With the end of the NBA regular season in sight and my Golden State Warriors the (arguable) favorite to repeating as champs, I felt it was time to grace the MBP page with a post on my two favorite topics: NBA Basketball and the Golden State Warriors.
After last night’s loss to the Minnesota Timberwolves, the likelihood (according to FiveThiryEight’s website) of the Warriors breaking the all-time record for regular season wins has dropped to 13.4%. With that in mind, it might be time for the team to move on from the idea that they should push for every game and start thinking about making sure the team is in the best condition for the playoffs. Here are five reasons 73 wins might not be worth going for.
1 – The most boring reason is the obvious: freak injuries. I don’t think physical fatigue is as much of an issue with this team as with others. Their best players average less than 35 minutes a game and are on the younger side of 27. But you look at a few instances from earlier in the season: Klay’s ankle sprain, Harrison Barnes ankle sprain, Iggy’s ankle sprain – these things happen not necessarily because of fatigue but from the sheer fact of being on the court. If they can lock up home court with even two games left, they can either dial back the playing time for the starters (assuming they refuse rest) or rest them completely.

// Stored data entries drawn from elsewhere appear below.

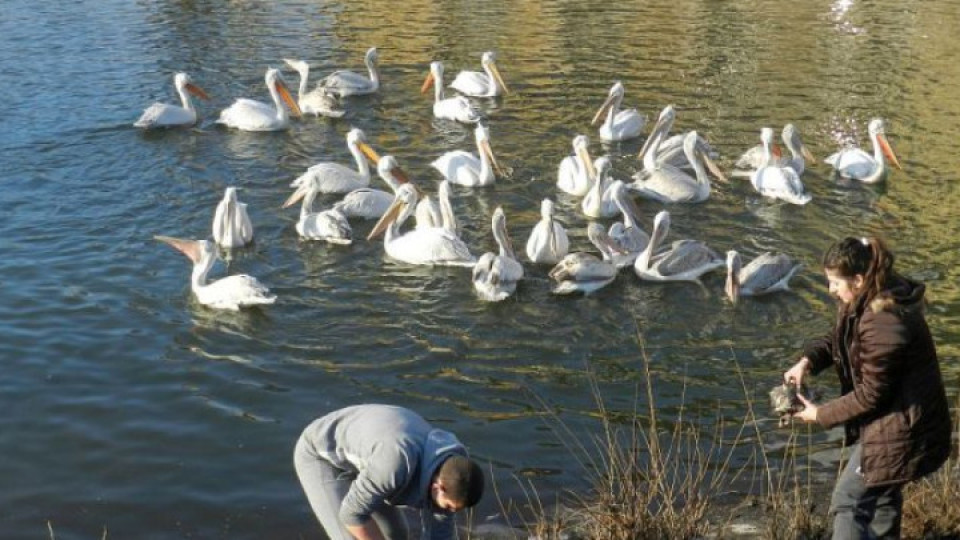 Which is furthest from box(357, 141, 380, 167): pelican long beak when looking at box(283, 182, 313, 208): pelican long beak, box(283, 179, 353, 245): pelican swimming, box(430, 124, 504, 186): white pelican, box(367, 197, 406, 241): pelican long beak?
box(283, 179, 353, 245): pelican swimming

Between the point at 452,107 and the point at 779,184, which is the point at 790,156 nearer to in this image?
the point at 779,184

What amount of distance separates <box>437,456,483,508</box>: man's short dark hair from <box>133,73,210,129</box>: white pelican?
449 inches

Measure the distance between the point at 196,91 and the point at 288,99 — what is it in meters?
1.30

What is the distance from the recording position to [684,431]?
335 inches

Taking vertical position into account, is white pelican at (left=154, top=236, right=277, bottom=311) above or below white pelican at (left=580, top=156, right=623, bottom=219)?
above

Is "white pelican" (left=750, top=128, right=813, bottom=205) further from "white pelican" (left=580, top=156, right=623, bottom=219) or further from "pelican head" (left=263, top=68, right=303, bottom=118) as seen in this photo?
"pelican head" (left=263, top=68, right=303, bottom=118)

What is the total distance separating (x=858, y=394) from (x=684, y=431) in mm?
3098

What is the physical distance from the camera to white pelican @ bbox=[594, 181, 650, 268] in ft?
37.9

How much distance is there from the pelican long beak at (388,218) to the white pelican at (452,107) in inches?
151

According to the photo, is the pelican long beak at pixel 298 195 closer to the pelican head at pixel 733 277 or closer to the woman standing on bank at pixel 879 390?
the pelican head at pixel 733 277


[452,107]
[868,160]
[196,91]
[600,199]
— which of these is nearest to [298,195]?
[600,199]

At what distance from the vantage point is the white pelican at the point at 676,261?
11.2 metres

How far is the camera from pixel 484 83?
17.3 metres

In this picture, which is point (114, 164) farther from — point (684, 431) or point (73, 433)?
point (684, 431) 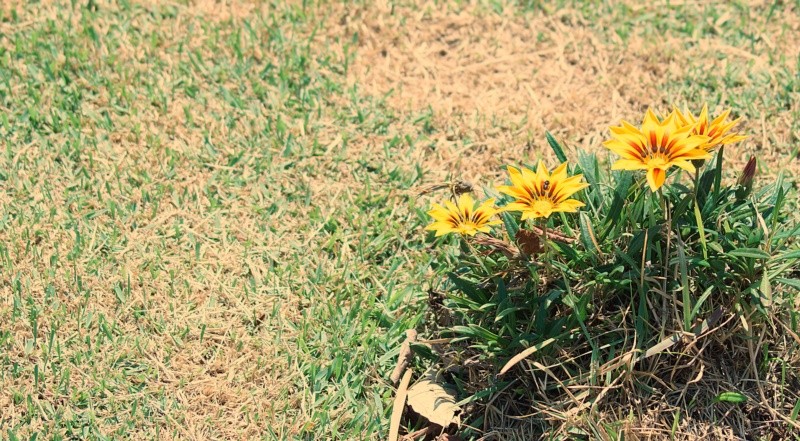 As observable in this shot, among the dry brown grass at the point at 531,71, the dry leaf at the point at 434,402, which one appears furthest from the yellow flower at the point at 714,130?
the dry brown grass at the point at 531,71

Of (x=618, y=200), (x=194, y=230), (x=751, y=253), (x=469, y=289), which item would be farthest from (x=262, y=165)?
(x=751, y=253)

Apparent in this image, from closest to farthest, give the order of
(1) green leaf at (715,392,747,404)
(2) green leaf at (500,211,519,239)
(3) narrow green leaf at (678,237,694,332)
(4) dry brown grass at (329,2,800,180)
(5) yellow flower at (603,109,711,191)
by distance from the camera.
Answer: (5) yellow flower at (603,109,711,191)
(3) narrow green leaf at (678,237,694,332)
(1) green leaf at (715,392,747,404)
(2) green leaf at (500,211,519,239)
(4) dry brown grass at (329,2,800,180)

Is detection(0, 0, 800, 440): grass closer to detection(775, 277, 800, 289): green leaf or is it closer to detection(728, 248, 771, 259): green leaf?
detection(775, 277, 800, 289): green leaf

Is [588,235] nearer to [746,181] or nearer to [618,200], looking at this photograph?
[618,200]

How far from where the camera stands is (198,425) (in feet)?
9.55

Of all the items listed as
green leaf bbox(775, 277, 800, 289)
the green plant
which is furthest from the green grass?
green leaf bbox(775, 277, 800, 289)

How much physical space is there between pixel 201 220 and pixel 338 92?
0.92 m

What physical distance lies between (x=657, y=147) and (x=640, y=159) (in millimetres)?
60

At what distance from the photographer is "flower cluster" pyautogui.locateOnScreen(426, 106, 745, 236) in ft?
7.80

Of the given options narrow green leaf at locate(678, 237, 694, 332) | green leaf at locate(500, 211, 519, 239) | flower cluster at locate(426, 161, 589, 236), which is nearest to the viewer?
flower cluster at locate(426, 161, 589, 236)

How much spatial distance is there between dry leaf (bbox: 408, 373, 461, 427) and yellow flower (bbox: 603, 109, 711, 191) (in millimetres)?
951

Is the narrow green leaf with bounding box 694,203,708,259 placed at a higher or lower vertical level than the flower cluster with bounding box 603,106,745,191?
lower

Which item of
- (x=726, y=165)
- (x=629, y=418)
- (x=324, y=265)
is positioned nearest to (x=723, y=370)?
(x=629, y=418)

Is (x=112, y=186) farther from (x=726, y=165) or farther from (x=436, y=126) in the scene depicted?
(x=726, y=165) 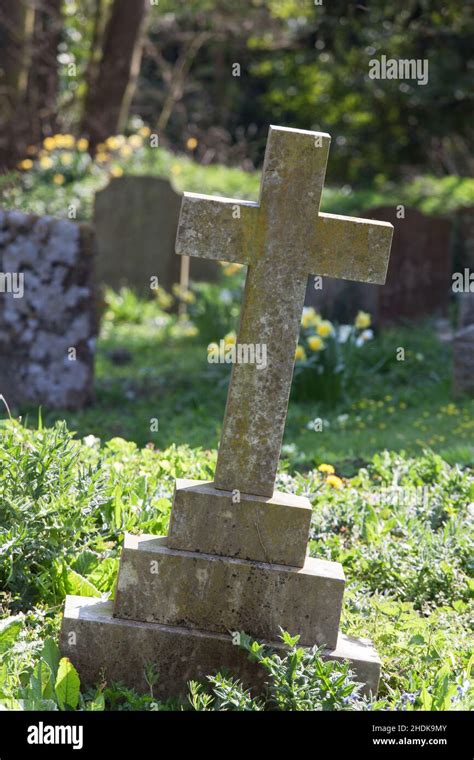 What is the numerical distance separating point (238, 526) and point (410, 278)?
745cm

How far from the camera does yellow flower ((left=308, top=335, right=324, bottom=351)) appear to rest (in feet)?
25.1

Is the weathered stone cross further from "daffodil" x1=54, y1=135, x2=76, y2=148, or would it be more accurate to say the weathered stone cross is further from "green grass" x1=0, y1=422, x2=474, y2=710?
"daffodil" x1=54, y1=135, x2=76, y2=148

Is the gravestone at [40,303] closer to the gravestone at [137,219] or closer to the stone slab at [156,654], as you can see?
the gravestone at [137,219]

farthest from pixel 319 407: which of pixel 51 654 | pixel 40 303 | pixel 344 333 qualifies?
pixel 51 654

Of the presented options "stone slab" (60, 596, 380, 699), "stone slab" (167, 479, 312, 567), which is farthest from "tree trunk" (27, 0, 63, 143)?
"stone slab" (60, 596, 380, 699)

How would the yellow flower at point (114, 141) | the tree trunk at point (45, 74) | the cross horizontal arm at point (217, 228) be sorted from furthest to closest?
1. the tree trunk at point (45, 74)
2. the yellow flower at point (114, 141)
3. the cross horizontal arm at point (217, 228)

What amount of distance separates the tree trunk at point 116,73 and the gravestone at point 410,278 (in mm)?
5706

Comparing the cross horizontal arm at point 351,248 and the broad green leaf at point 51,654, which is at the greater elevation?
the cross horizontal arm at point 351,248

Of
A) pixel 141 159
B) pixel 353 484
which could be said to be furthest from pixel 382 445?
pixel 141 159

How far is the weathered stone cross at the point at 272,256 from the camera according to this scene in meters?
3.55

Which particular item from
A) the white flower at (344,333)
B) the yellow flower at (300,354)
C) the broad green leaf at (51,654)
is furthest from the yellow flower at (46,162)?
the broad green leaf at (51,654)

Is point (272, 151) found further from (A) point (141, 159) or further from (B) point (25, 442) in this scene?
(A) point (141, 159)

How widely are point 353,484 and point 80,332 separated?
3288 mm

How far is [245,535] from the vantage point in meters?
3.64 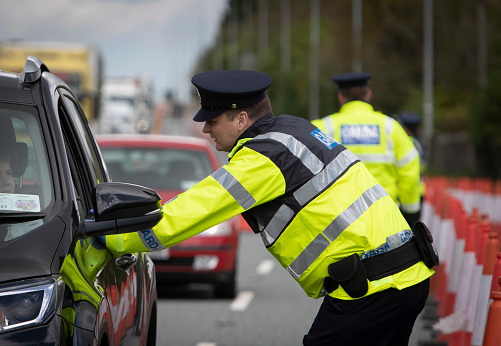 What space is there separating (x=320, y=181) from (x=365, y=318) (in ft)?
1.80

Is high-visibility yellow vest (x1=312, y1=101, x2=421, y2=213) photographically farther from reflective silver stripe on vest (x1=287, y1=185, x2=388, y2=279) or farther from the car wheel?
reflective silver stripe on vest (x1=287, y1=185, x2=388, y2=279)

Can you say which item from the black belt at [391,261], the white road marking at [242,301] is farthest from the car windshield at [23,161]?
the white road marking at [242,301]

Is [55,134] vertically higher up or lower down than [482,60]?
higher up

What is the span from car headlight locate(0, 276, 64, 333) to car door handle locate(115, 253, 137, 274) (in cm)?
109

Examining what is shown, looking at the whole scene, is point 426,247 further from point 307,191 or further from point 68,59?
point 68,59

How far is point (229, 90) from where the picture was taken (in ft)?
13.7

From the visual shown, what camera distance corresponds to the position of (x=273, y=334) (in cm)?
888

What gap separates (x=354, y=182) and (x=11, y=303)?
1.48 meters

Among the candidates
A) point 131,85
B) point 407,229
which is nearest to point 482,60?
→ point 131,85

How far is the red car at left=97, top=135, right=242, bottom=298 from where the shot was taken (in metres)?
10.8

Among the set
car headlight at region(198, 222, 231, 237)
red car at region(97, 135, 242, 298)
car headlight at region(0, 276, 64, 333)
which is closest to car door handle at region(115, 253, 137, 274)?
car headlight at region(0, 276, 64, 333)

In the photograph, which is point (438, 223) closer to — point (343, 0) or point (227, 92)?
point (227, 92)

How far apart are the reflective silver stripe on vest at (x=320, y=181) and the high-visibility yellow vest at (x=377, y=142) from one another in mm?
4584

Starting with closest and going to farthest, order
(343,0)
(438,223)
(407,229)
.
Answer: (407,229)
(438,223)
(343,0) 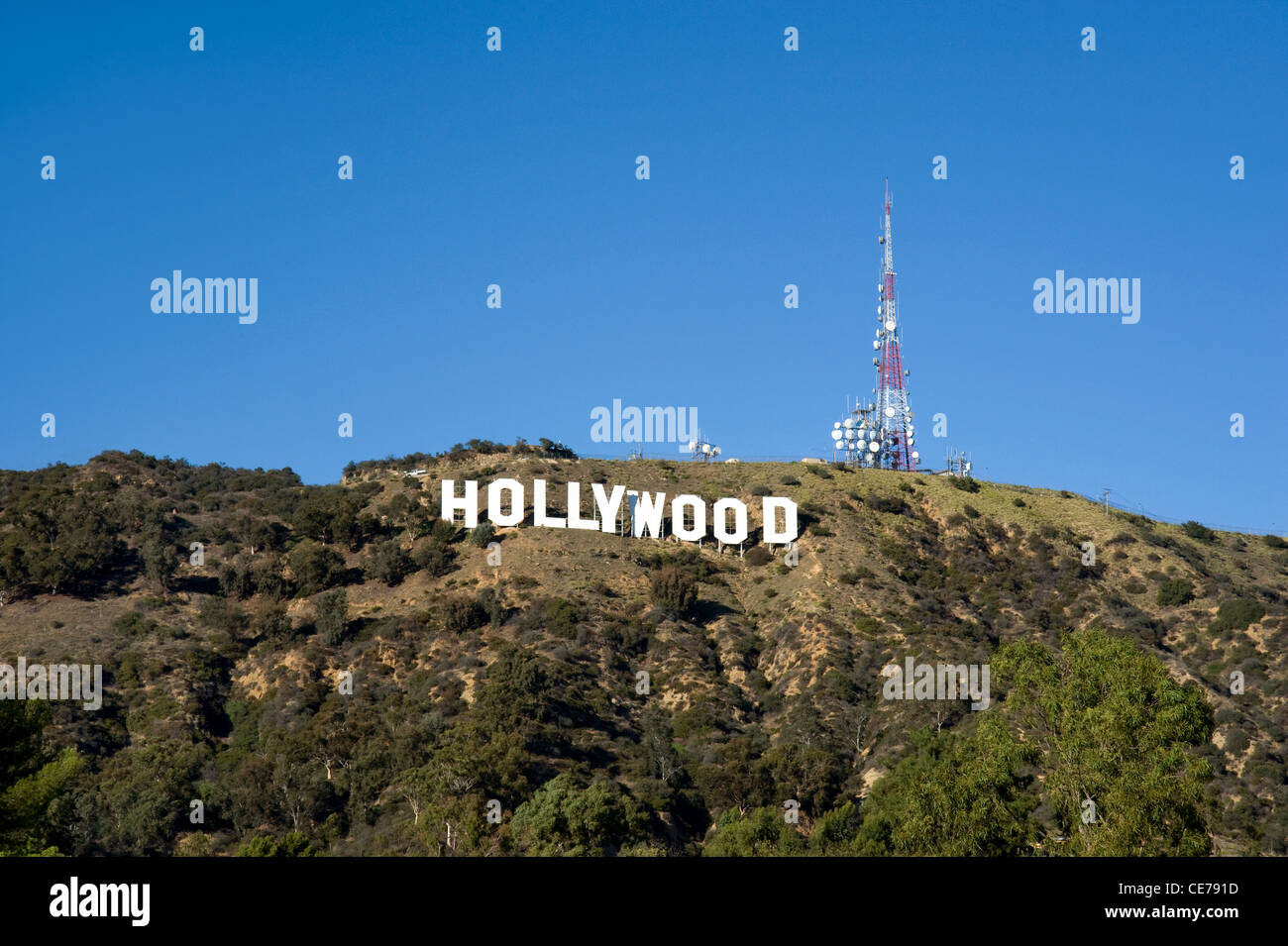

2 – As defending champs, the Warriors already get the best shot from every team. Whether it’s home or away, these games get circled on opposing team calendars because this is your chance to take down the best. You don’t get up for the second night of a back-to-back game on the road – unless it’s the Warriors. This effect is magnified by the pursuit of the record. No team wants to be the team that helps them break the record. The mental fatigue that is accumulated from playing every team’s best game, every night, it’s worth trying to avoid if they can lock up home court.
3 – Speaking of mental fatigue, as the Warriors have gotten closer to the heralded 73 wins, they have been more prone to hesitation and poor play. The number is right there in their faces and you can see how it affects their decision making on the court. During last night’s T’Wolves game, you could see Steph Curry hesitate on a few of his shots which, earlier in the season, just didn’t happen. A great example was when Karl Anthony Towns had switched on him to end the half. He got himself a good look in an iso situation but instead of firing away, he reset. This led to a contested jumper that, normally, he would have drained had he been more aggressive. These little moments create small two or three point swings that end up costing the team later in the game. (Sidenote: this is a different clip but KAT’s defense on Curry during this possession should scare the rest of the league – he is going to be a beast).
4 – Increased pressure in the playoffs. This is a team that is at its best when they play fast and loose. If they happen to win out and get to 73 wins, then I worry about the team tightening up even more in the postseason. In any other year, I think they feel confident that they can tear through the playoffs and emerge as victors. But with the San Antonio Spurs, also on a near 70-win pace in the West, the pressure will ratchet up and provide additional, unneeded scrutiny on a team that has been dealing with it for the eighteen months. There is no point in letting the Spurs play with house money and the silver lining of not having the record is that they can go into the probably Western Conference Finals against Tim Duncan and co. with clearer heads.
5 – Prioritizing a repeat over the record. If it sounds like you hear this all the time, you’re right. But it needs to be said that if they break the record at the cost of being ready for the playoffs, then it’s all for naught. They have already made history by winning 67+ games in back-to-back seasons. If you focus on the repeat, years from now no one is going to be talking about their failure to win 73 games; they’ll talk about how they dominated the league for two (or more?) straight seasons and (potentially) knocked off another historic juggernaut in the Spurs.
Now these are all the logical reasons for not pushing for the record. Making the decision to rest is a smart decision driven by objective and analytical thinking. And who knows if they can even accomplish the feat when they have to go 4-0 to close the season (two of them against the Spurs). And how crazy is it that we’re questioning this team’s ability to win four in a row?
For the record (no pun intended), I’m 100% behind them trying to win out. I think shying away from the moment could potentially hurt their psyche going into the playoffs more than just missing. This is not a team that backs away from a challenge. So break that record. How often do teams get a chance to make history?